A: Yes. In addition to standard universal applications, each application can be customized as long as there is a protocol specification. Therefore, any industry can use physical isolation mesh, regardless of its application.
Does the application agent of physical isolation network gates meet the relevant RFC specification?
A: Equity. Only in line can guarantee the transparency and interoperability of the application.
Is it a physical isolation network gate from the external network?
A: Not necessarily. Ping is of course unable to ping the physically isolated gateway, but ping is not necessarily a physical isolation network gate. The ICMP protocol is banned on the router, and ping does not work, but it is not a physical isolation network gate.
Is it physically isolated net gate from the external network?
A: Not necessarily. The scanning software cannot scan the internal host by physical isolating the gatekeeper, but the scanning cannot be physically isolated on the network. Scanning software cannot scan internal hosts through the proxy server, but the proxy server is not a physical isolation gate.
By the switch to achieve the package forward, is it physically isolated?
A: No. As long as the package contains the TCP / IP protocol, the TCP connection can be established even if the switch is used. There is an attack based on packet and TCP protocol.
Why can't I invade the internal host even if I invade the external host of the gatekeeper?

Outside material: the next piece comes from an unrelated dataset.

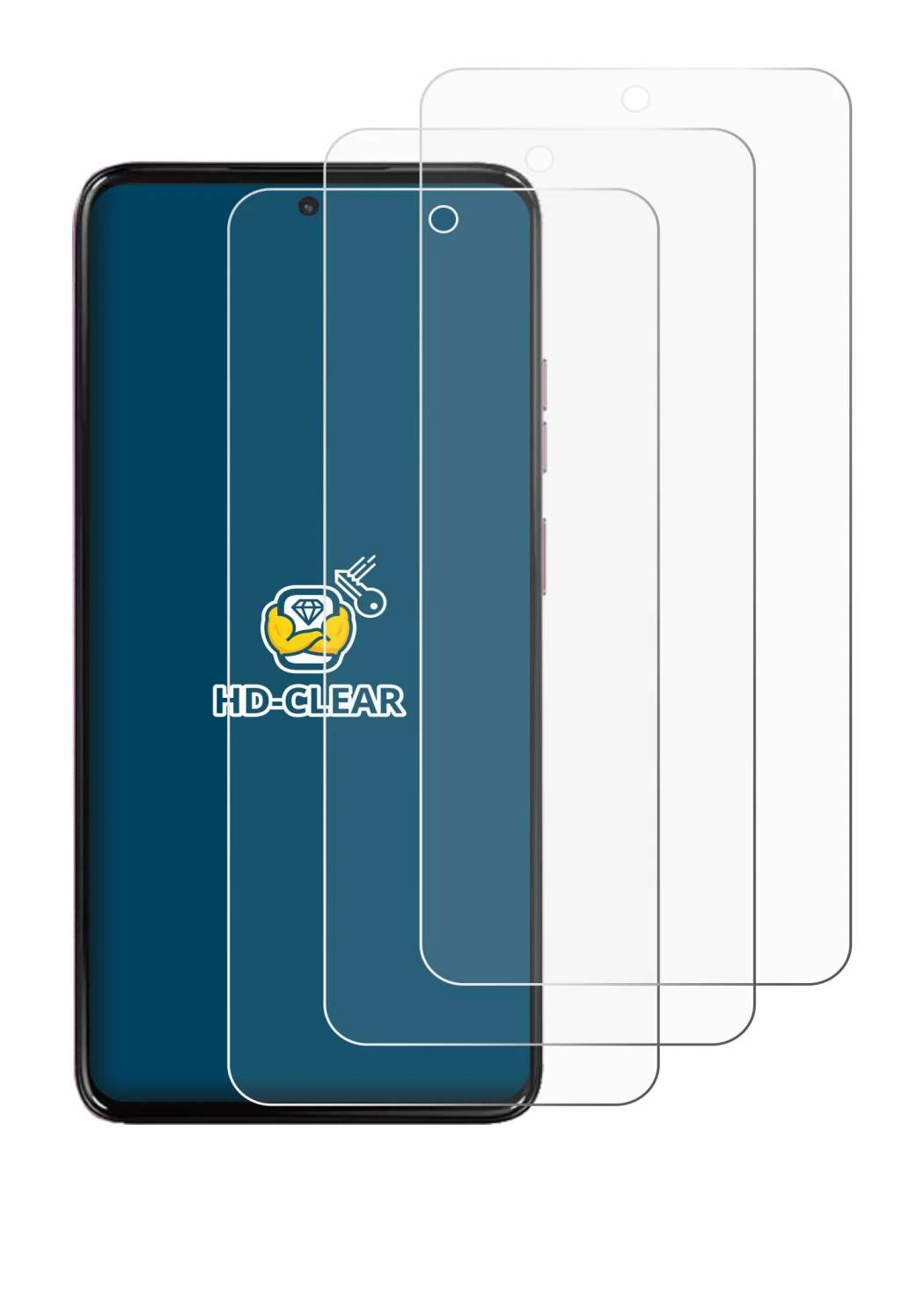 Imagen del dispositivo Motorola Moto G17 Power con una amplia variedad de protectores de pantalla.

A: The external host and the internal host of the physically isolated gatekeeper are not communicating by dialogue, but do not communicate with the "good" convention. For example, in the worst possible case, the hacker invades the external host, and the hacker can also write files to solid-state storage media. After the internal host gets these files, internal applications can't understand these files, I have to lose it, even It is found that it does not meet the security policy, it is also lost. The decision of the internal host is not determined by the files sent by the external host, but determines the internal security policy. Therefore, it is impossible to control the interior. Plus no connection, no communication, no agreement, is impossible to invade the interior.

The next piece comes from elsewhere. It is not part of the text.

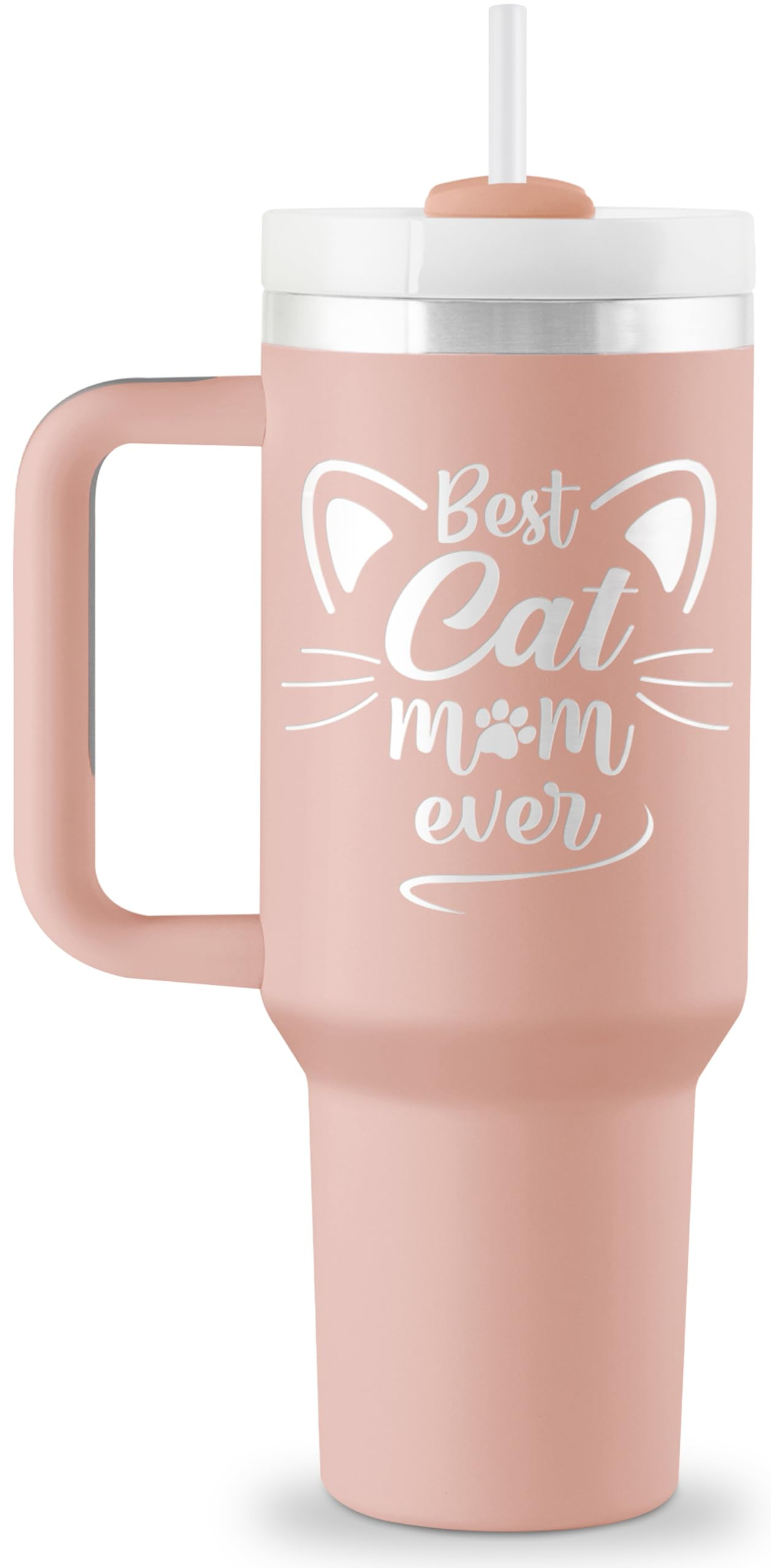 Cat Mom Gifts for Women Tumbler 40oz - Cat Gifts for Women - Cats Lover Gift for Woman - Mothers ... | Amazon (US)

What are the way to prevent intrusion?
A: The external host must be allowed to be accessed because of the service. From an absolute technical point of view, there is no operating system to say that I have no vulnerability in this operating system, so the likelihood that there is attacked, even one million small probability events. This does not mean that the external host will be attacked. There are many technical means to ensure that hackers invades, such as lightweight intrusion detection, closing the host service, such as lightweight intrusion detection. The risk of hosting is minimized.

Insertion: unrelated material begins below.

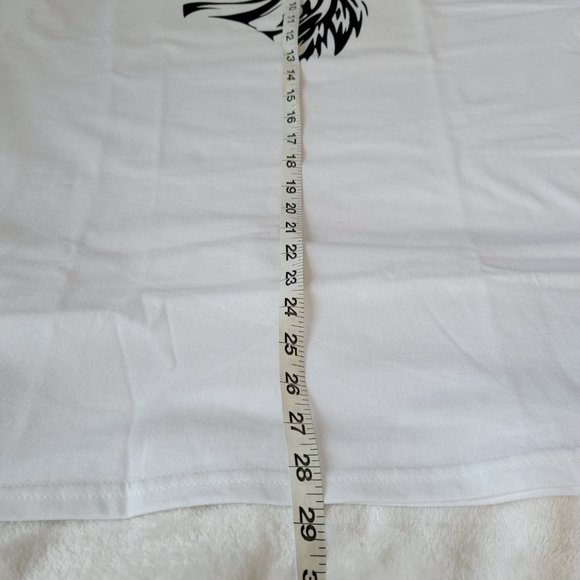 Horse Head Print Crew Neck T-Shirt - Picture 4 of 7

Why do physical isolation network brakes from unknown attacks?
A: At the current discovery, according to the classification, there are application protocol vulnerabilities, there are TCP / IP protocol vulnerabilities, with command-based, and packaged. Physical Isolation Gates fundamentally solves these four types of attacks. Therefore, new attacks, as long as they are based on the above four principles, whether known or unknown, can be blocked. Is the safety of physical isolation network brakes?
A: Yes. Physical Isolation Table Gate is positioned in providing the highest security, the access, protecting the core assets, protects the key database, protects the key database, protects the system from an attack from the Internet.